Panie ministrze, to porozmawiajmy o tym, co my możemy dalej zrobić, bo kryzys na granicy się nie zmienił. To, co widzimy to, że nie ma już zorganizowanych obozowisk.

Są rozpraszane te ataki.

Tak, natomiast oni ciągle próbują przekroczyć granicę.

Może być ciągle gorzej, dlatego, że oni mogą wypuścić białoruskich bandytów z więzienia. Może przyjść armia Kadyrowa z Czeczenii, która już szkoli dzieci.

Ale myśli pan, że te fantastycznie brzmiące scenariusze mogą się spełnić?

Ależ oczywiście. Łukaszenka jest zdesperowany, on może rzucić następnie przemytników narkotyków amfetaminy itd. On jest zdecydowany to robić. Poza tym najprawdopodobniej to jest akcja też przykrywająca akcję zastraszania Ukrainy przez Putina. I teraz - pytał pan, co możemy zrobić.

Właśnie, czy Polska powinna na przykład zamknąć przejścia graniczne z Białorusią? W tym kolejowe przejście w Małaszewiczach? To jest najważniejsze przejście.

Kolejarze się tego domagają, to musi rząd rozpatrzyć.

A gdyby pan był ministrem spraw zagranicznych, co by pan rekomendował?

Musiałbym wiedzieć, jak wygląda sytuacja, jaki jest tranzyt itd. To jest kalkulacja, która nie może tak być z panem redaktorem ustalona. Jednak wracając do tego zasadniczego pytania - co można zrobić. Nie ma deficytu instrumentów, aby ugodzić Łukaszenkę w Unii Europejskiej. W dalszym ciągu są olbrzymie możliwości sankcyjne. Można uciąć mu eksport różnych towarów, między innymi nawozów potasowych, na których zarabia na Europie Zachodniej. Można go wyrzucić z organizacji międzynarodowych, z różnych wydarzeń kulturalnych.

Zostawmy trochę Białoruś, przejdźmy nieco dalej na południe. 

To jeszcze tylko pół zdania. Dlatego, że dla takich satrapów uczestnictwo w zawodach hokejowych jest pewną nobilitacją. To społeczeństwo, które go popiera, musi znać cenę tego poparcia.

Już go chyba nie popiera, ale zostawmy to na sekundę, bo ja bym chciał przejść nieco dalej na południe, choć nie do ciepłych krajów.
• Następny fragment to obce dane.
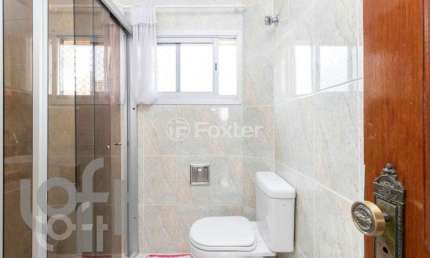 Apartamento com 2 quartos à venda na Avenida Doutor Eduardo Cotching, 2180, Vila Formosa, São Paulo, 70 m2 por R$ 400.000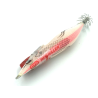 DTD RED KILLER 3.0 DEEP COLOR ORANGE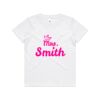Youth Staple Tee Thumbnail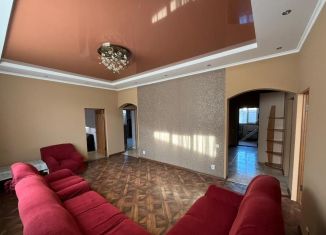 Продается дом, 225.1 м2, село Гайдук, Российская улица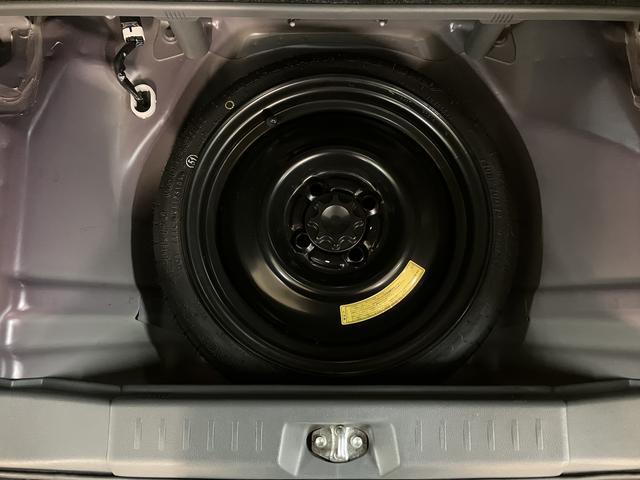 タントカスタムＶセレクションターボ／１年保証／ナビ／電スラ／ＥＴＣ１年間走行距離無制限保証／走行８．９万キロ／ナビ／ＢＬＵＥＴＯＯＴＨ／ＣＤ／ＤＶＤ／ＥＴＣ／片側電動スライドドア／スマートキー／オートエアコン／ＨＩＤヘッドライト／ターボ車／（大阪府）の中古車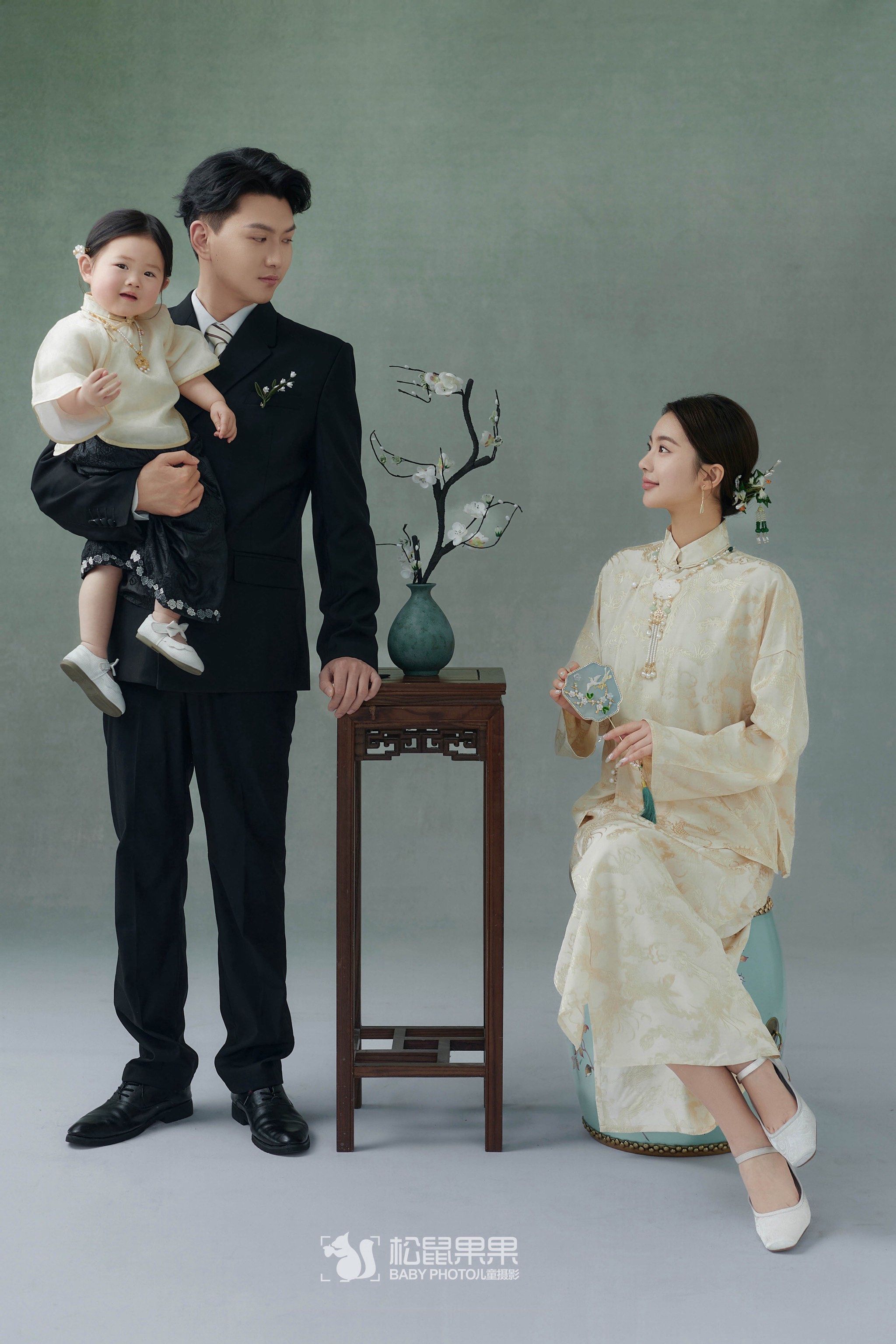 典雅温馨之美

松鼠果果家庭影像-亲子照-客片分享

#亲子游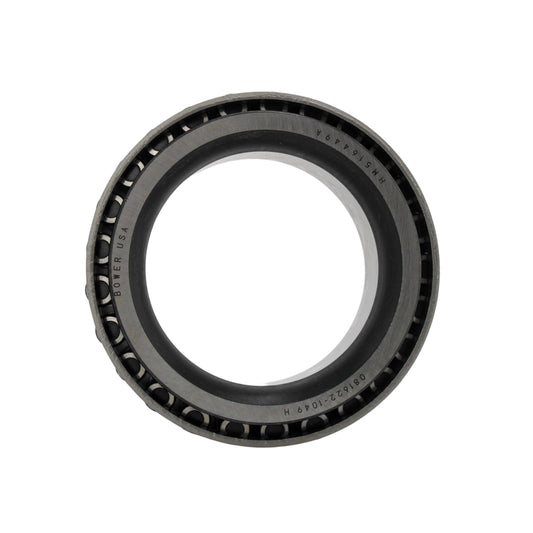 NTN Tapered Roller Bearing Cone HM516449A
Mam bowiem na myśli Ukrainę. Jeśli wierzyć amerykańskim służbom wywiadowczym, to grozi nam wkrótce wojna Rosji z Ukrainą, a właściwie napaść rosyjska na Ukrainę. Czy to jest realny scenariusz? Czy pod koniec stycznia lub na początku lutego należy się spodziewać wojny?

Należy się spodziewać dalszego zastraszenia Ukrainy, wymuszania na tym, żeby Ukraińcy wydawali olbrzymie pieniądze na struktury siłowe bezpieczeństwa i nie wydawali tych pieniędzy na reformy. Putinowi nie opłaca się wielka, kosztowna operacja, nie opłaca mu się okupacja. Dlatego dąży do "anty-Majdanu". To jest taki skrót myślowy do tego, żeby społeczeństwo odwróciło się od reform, od Zachodu i powróciło z powrotem do współpracy. On to musi robić, irytując to społeczeństwo i podnosząc koszty funkcjonowania obecnego rządu.
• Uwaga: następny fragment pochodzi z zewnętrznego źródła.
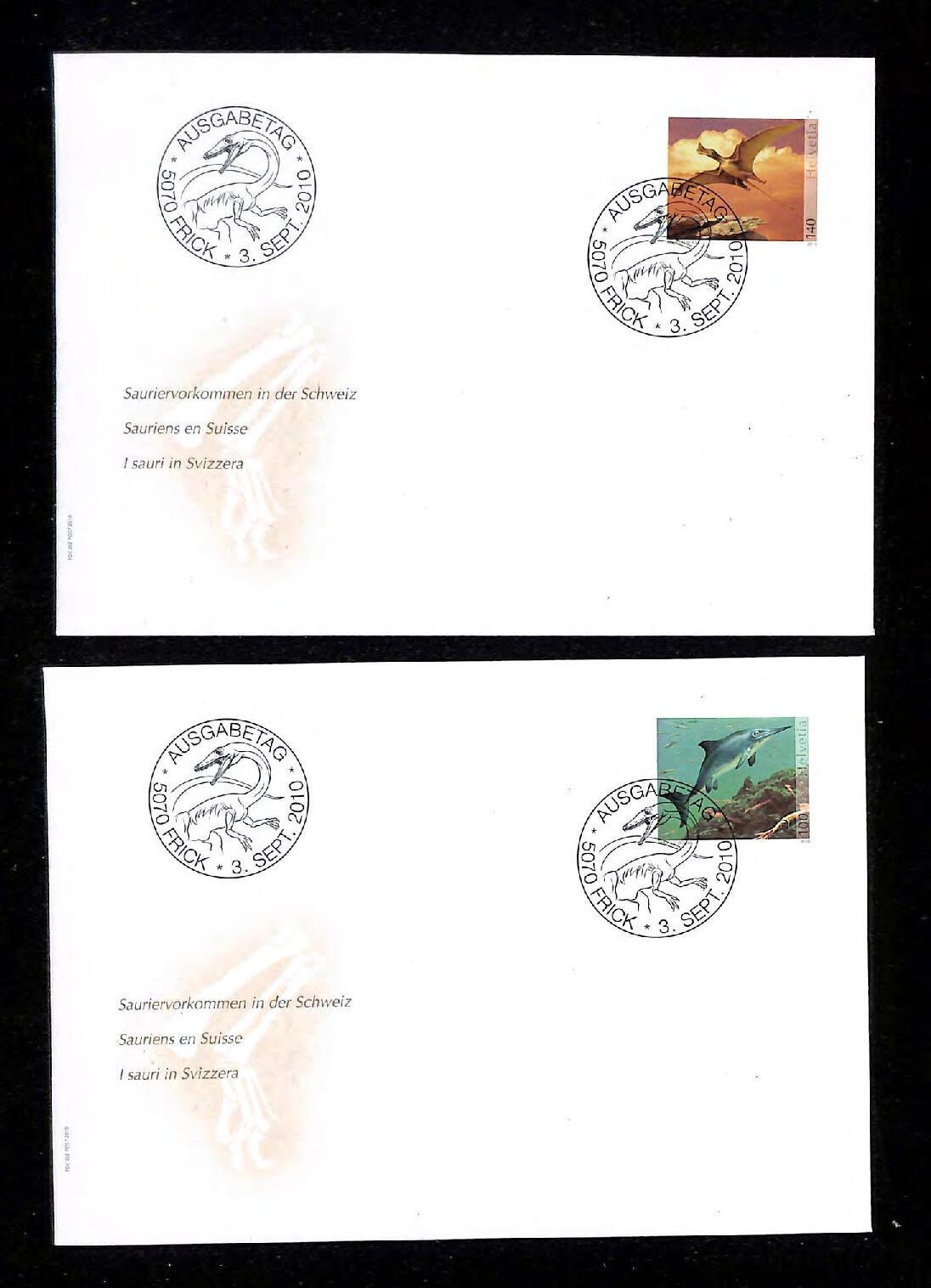 Image 12 for lot number 628 for Kelleher Auction 817th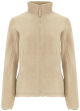 Default Product Image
Ja mam jeszcze jedno pytanie niedotyczące Ukrainy. Premier powołuje Instytut Strat Wojennych. Czy to jest jakiś początek drogi do tego, byśmy się domagali - już oficjalnie jako państwo - reparacji wojennych od Niemiec za drugą wojnę światową?
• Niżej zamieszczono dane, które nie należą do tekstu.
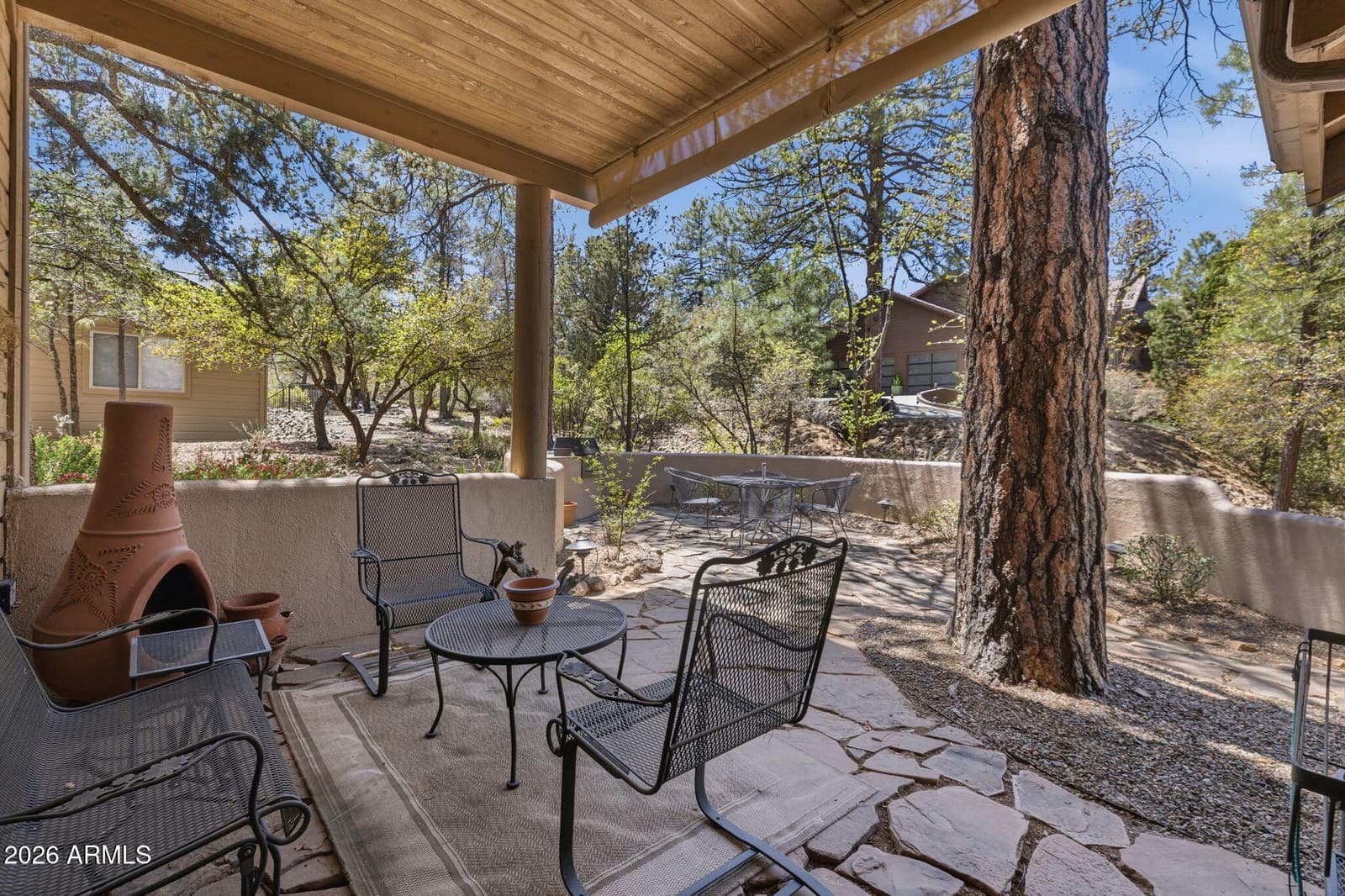 1750 CAMBRIDGE Drive, Prescott, AZ 86305 — photo 35 of 44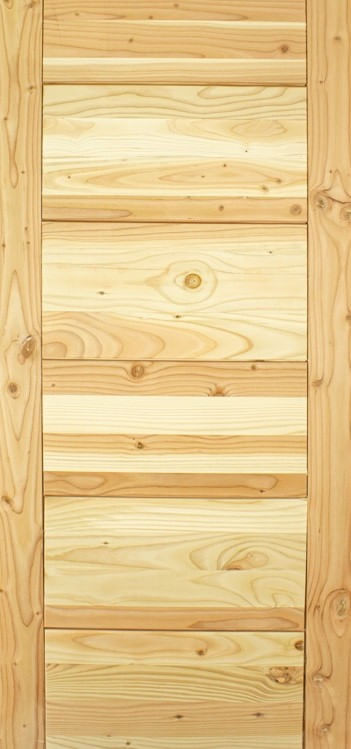 PUERTA-ACCESO-PINO-RADIATA-0.75X2.0MT-MARTINA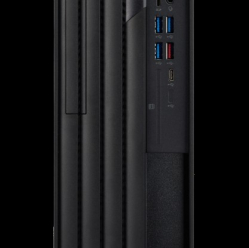 Komputer Acer Veriton VVX4720GT SFF i5-14400 16GB 512GB SSD W11P 2Y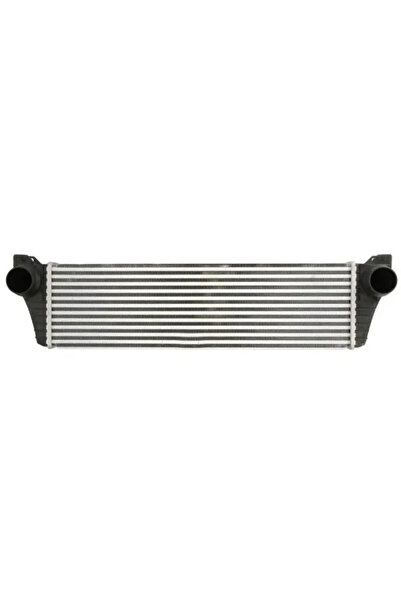 Thermotec Intercooler Turbo MERCEDES-BENZ VIANO/VITO DAM036TT
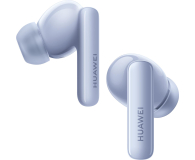 HUAWEI Freebuds 5i Niebieskie ANC 187932 - 1107567 - zdjęcie 5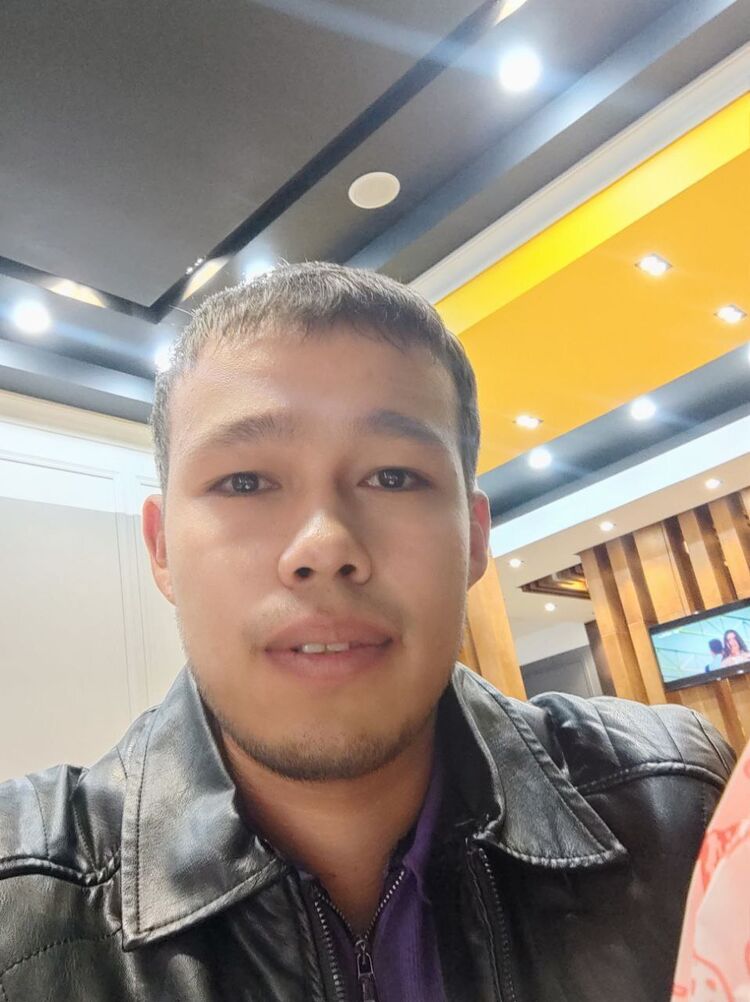 ���������� ���������, ���� ������� ������, 29 ���, ������������ ��� ����� � ���������, ���������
Nie jest to początek, bo ta dyskusja trwa od lata 2017 roku.

Ale była nieoficjalna. Tym razem miałoby być oficjalnie.

Nie, była oficjalna, dlatego że myśmy robili w MSZ za moich czasów kwerendę sytuacji prawno-międzynarodowej. Komisja posła Mularczyka robiła też raport na temat strat. To jest dalszy etap, należy to zrobić.

Należy to zrobić. Będziemy się domagali?

Jeśli pan mnie pyta, czy bym radził - tak, ja bym to radził.